#ubuntu-leadership 2011-10-31
<philipballew> Cheesehead, not yet, but i will be getting up at 5 tommorow to listen to the sessions
<philipballew> they dont have video this time right?
<benonsoftware> Hello all
<head_victim> Ok now we all have to behave ;)
<NRWlion> evening
<NRWlion> ashams: ping
<NRWlion> Cheesehead: ping
 * ashams waves
<ashams> o/
<ashams> NRWlion, Hi
<NRWlion> ashams: asking permission to "steal" your identity here on ubuntu community for a scenario in my upcoming article about leadership
<ashams> :)
<ashams> ok, go ahead steal it
<ashams> haha
<NRWlion> thx man ;)
<jrgifford> heh, i must be pretty boring since nobody wants to steal my identify. :D
<jrgifford> *identity
<NRWlion> jrgifford: well if u are insisting on that, i can strike out my identity and replace it by yours ;)
<jrgifford> NRWlion: eh.... the world doesn't need another me. ;)
<NRWlion> then shut up :P
<jrgifford> mkay :P
<ashams> jrgifford, you maybe just pretty look that your identity will stay safe, NRWlion :P
<ashams> look/lucky
<jrgifford> heh. :P
<Cheesehead> jrgifford: The world needs several more of me. Happily, I found a spouse willing to help me with that project.
<jrgifford> heh. ;p
<valorie> I had three plus kids, but none are my clones
<valorie> not even close
<Cheesehead> Oh, I don't need clones. Good impersonators will work just fine.
<Cheesehead> SOmebody to carry on all my Don Rickles impressions....
<Cheesehead> ...and occasionally relive my memories of TV in the 70's...Kitty Carlisle, Foster Brooks, Paul Lynde.
<Cheesehead> Hmmm. Guess I watched a lot of game shows as a kid...

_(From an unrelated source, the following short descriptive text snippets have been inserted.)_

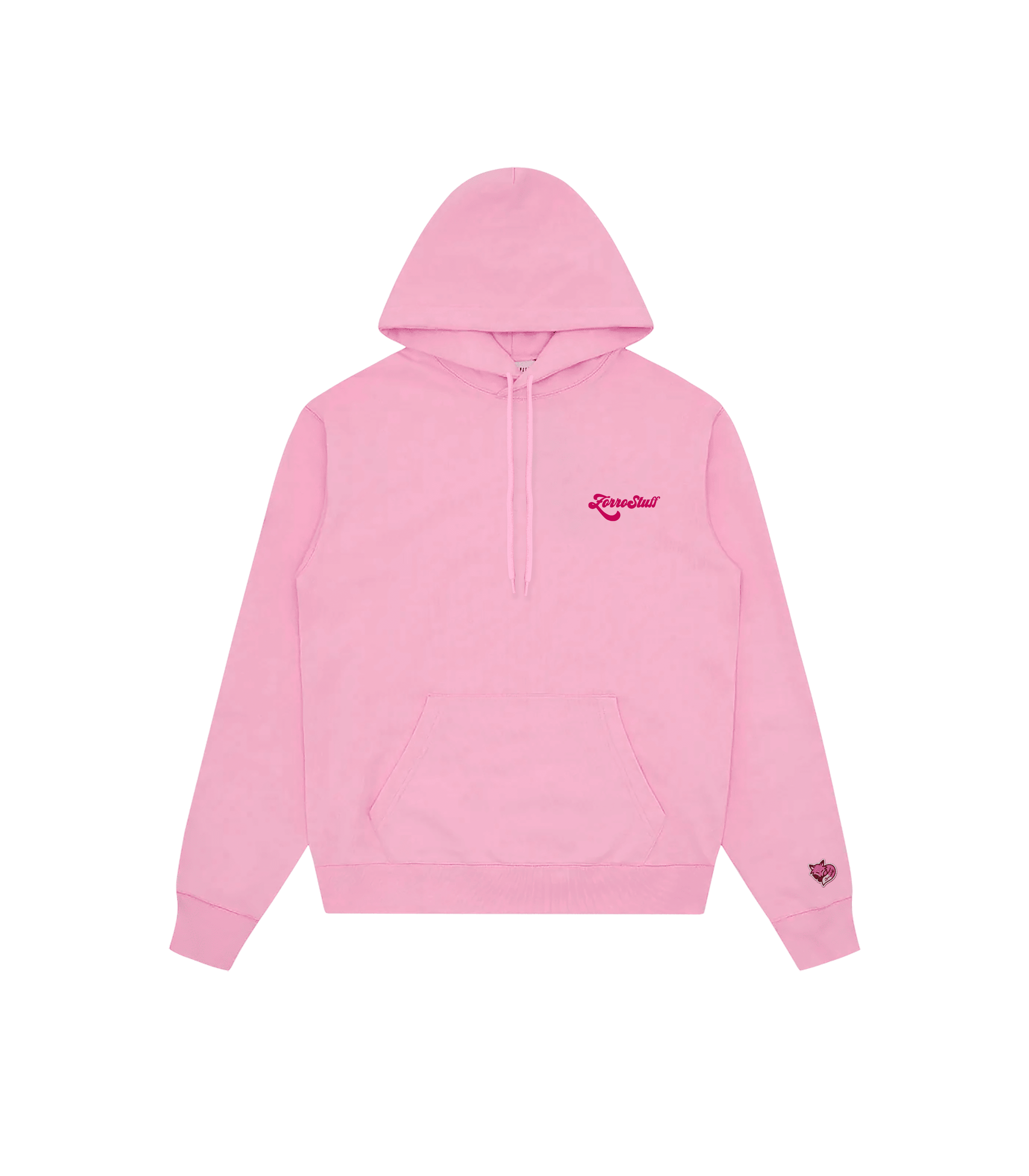 Clickbait hoodie pink sales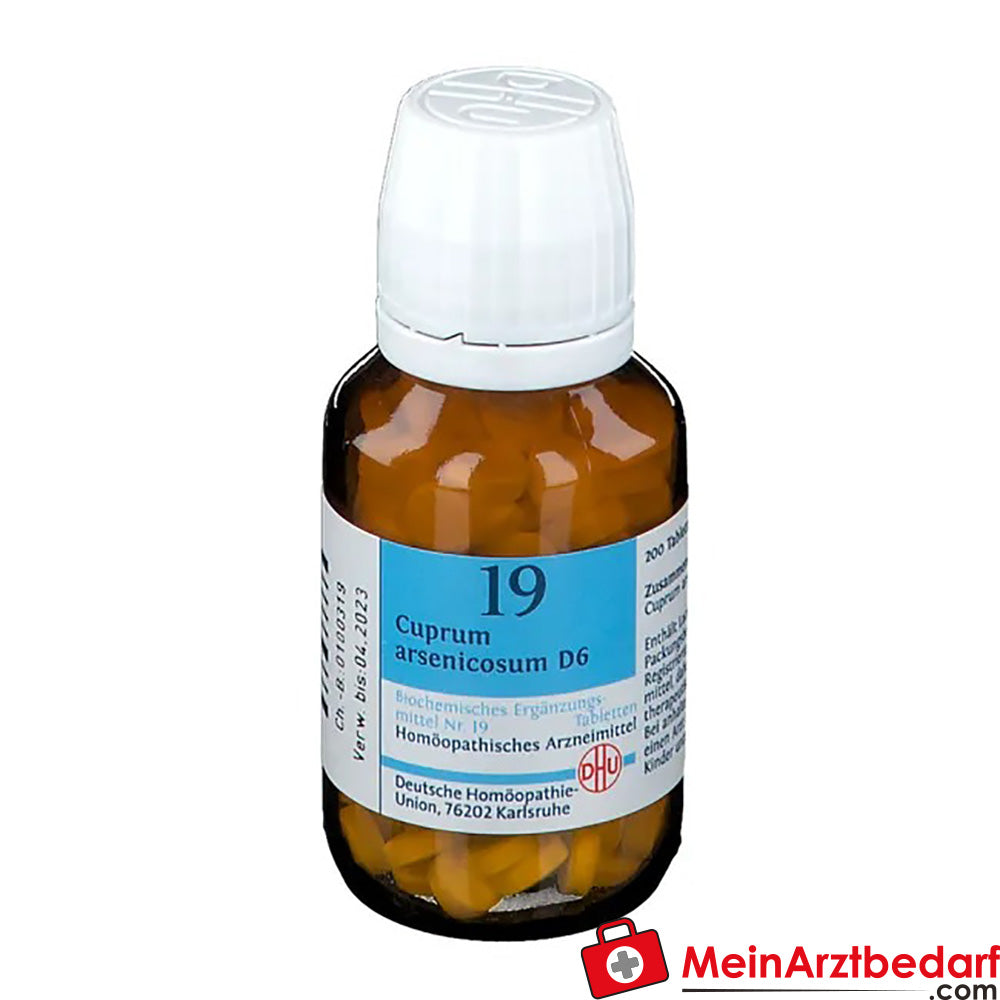 DHU Biochemie 19 Cuprum arsenicosum D6.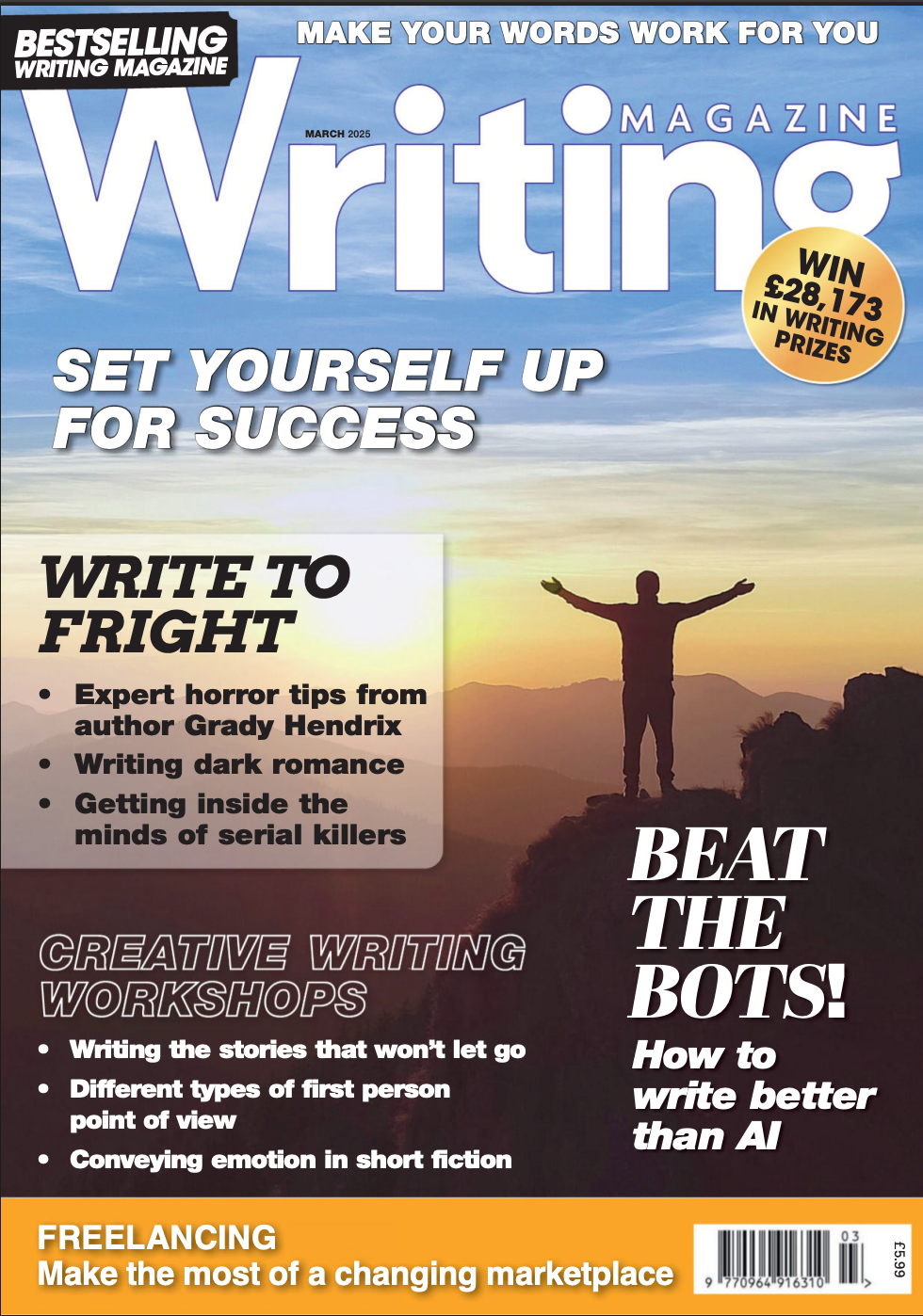 国际学校学生专属写作学习《写作》杂志 03.2025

#ubuntu-leadership 2011-11-01
 * Cheesehead is lost in memory as he backs up his laptop
<bkerensa> Only took canonical four weeks to re-add Ubuntulog to our channel
<bkerensa> :P
<jrgifford> bkerensa: four weeks?
<bkerensa> indeed
<bkerensa> LOL
<jrgifford> which channel...?
<jrgifford> this one?
<bkerensa> I sent them two tickets
<bkerensa> #ubuntu-us-or
<bkerensa> :D
<jrgifford> oh. lol. lame.
<bkerensa> mind you we have two canonical employees who idled :P
<jrgifford> hah..... not funny but is funny.
<YoBoY> morning
<jrgifford> Good morning YoBoY.
<DarkwingUDS> Moning
<DarkwingUDS> *Morning
<ashams> philipballew, ping
<philipballew> hello ashams
<ashams> Hi
<ashams> howdy
<ashams> you participate remotely, right?
<philipballew> yes
<ashams> do you know when the leadership mini-summit will happen?
<philipballew> its on the schedule somewhere. Let me look
<DarkwingUDS> This afternoon local time.
<philipballew> DarkwingUDS is the man
<ashams> DarkwingUDS, philipballew thanks :)

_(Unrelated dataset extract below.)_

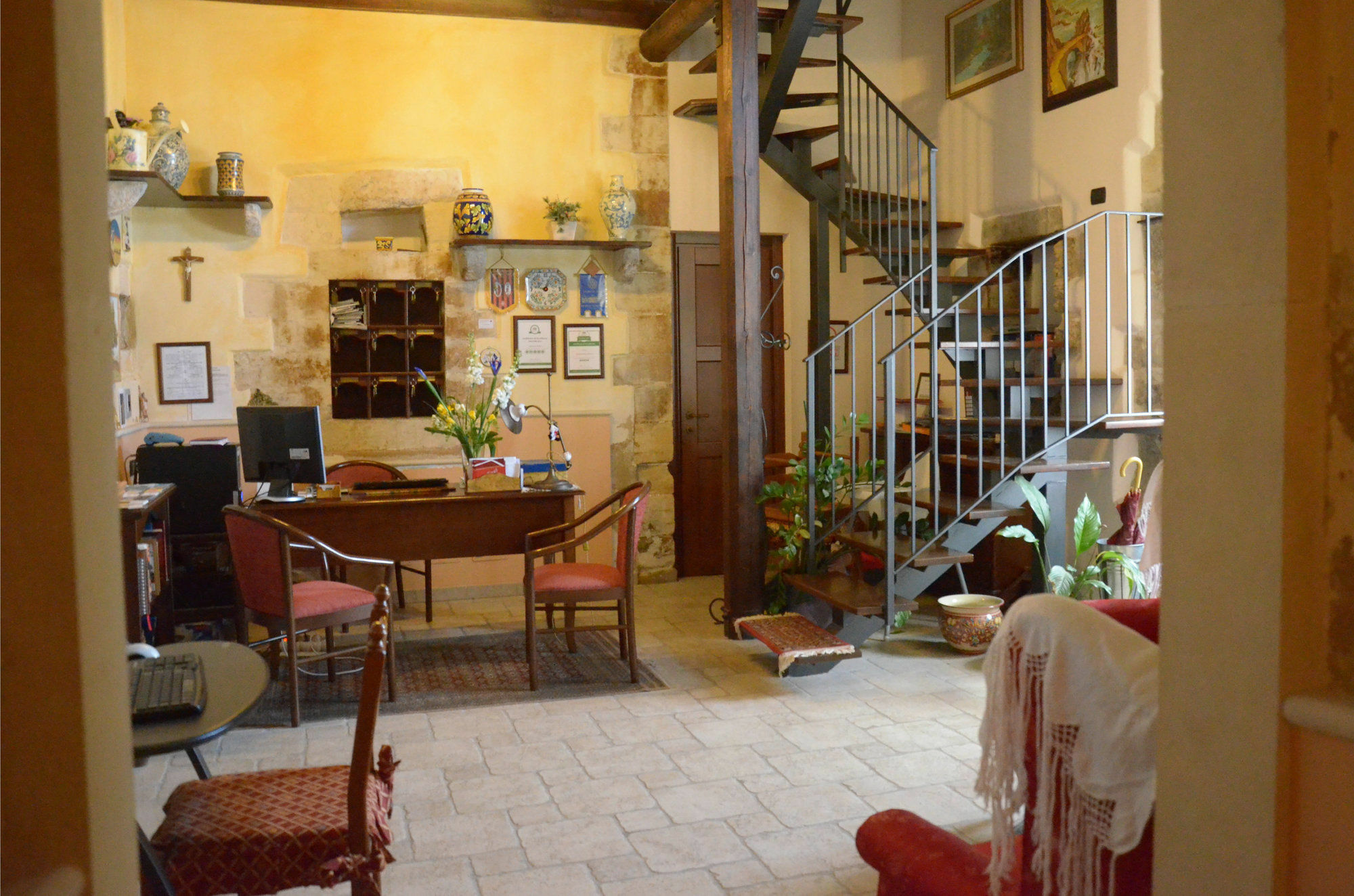 בית הארחה סנטה קרוצ'ה קמרינה 	Casina Di Grotta Di Ferro מראה חיצוני תמונה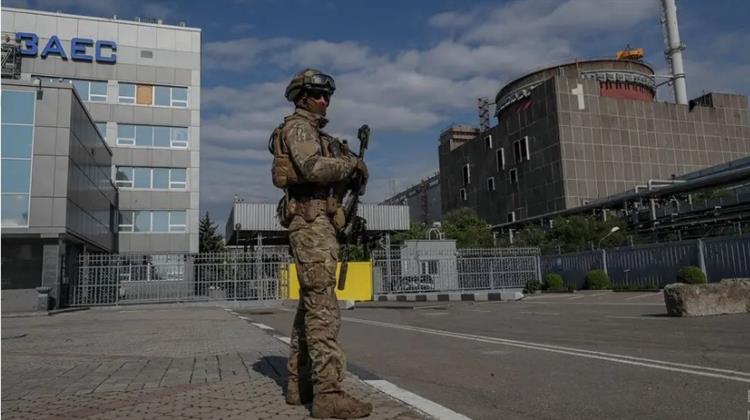 Ο Επικεφαλής της Energoatom Βλέπει Ενδείξεις ότι οι Ρώσοι Ετοιμάζονται να Αποχωρήσουν από τον Πυρηνικό Σταθμό της Ζαπορίζια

<DarkwingUDS> http://summit.ubuntu.com/uds-p/
<DarkwingUDS> GARG
<DarkwingUDS> http://summit.ubuntu.com/uds-p/today/
<jrgifford> Cheesehead: that's a shame. :(
<jrgifford> I had four people who were going to be at that meeting.

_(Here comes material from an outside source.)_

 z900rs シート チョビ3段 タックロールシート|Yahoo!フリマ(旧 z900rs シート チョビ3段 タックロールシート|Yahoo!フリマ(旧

<jrgifford> now I'm going to have to track them all down independently. :P
<Cheesehead> jrgifford: It's still better than rearranging the schedule to attend, then showing up to discover all effort in vain. Even same day notice was appreciated, and I un-cancelled something else.
<jrgifford> Cheesehead: yeah, that's true.
<NRWlion> Cheesehead: ping!
<Cheesehead> NRWlion: Pong
<NRWlion> Cheesehead: see pm
<NRWlion> ;)
<NRWlion> re
<NRWlion> btw someone should change the topic ;) oct 24th is already passed ;)
<jrgifford> !topic change
<jrgifford> wait, doesn't work like that. forgot. ;P
<jrgifford> NRWlion: who has the power to do that?
<NRWlion> chan ops
<NRWlion> like Cheesehead or so
<Cheesehead> I'm not an op.
<NRWlion> Cheesehead: btw. you will get a mail soon
<NRWlion> found the original mail i sent
<Cheesehead> NRWlion: Thank you!
<NRWlion> i am just re-translating
<Cheesehead> NRWlion: You don;t need to translate it. Testimonials can be in any Googleable language.
<NRWlion> Cheesehead: if i do a testimonial i do it right ;)
<NRWlion> Cheesehead: have a look at your mail ;)
<Cheesehead> Well, thank you for the effort, too.
<jrgifford> whoa, it's so easy to not store passwords in plaintext, WHY DO PEOPLE DO IT?!
<Cheesehead> NRWlion: Say, I just received e-mail from you
<jrgifford> whoops, wrong channel. :P
<NRWlion> Cheesehead: feel free to tell me your opinion on that ;) i havent done much testimonials
<Cheesehead> NRWlion: I quite like it. Just put it up
<NRWlion> Cheesehead: i am already in my bed :(
<NRWlion> could ýou?
<NRWlion> perhaps?
<Cheesehead> Oops, I should have written "I just put it up". I did so. Sorry for the confusion."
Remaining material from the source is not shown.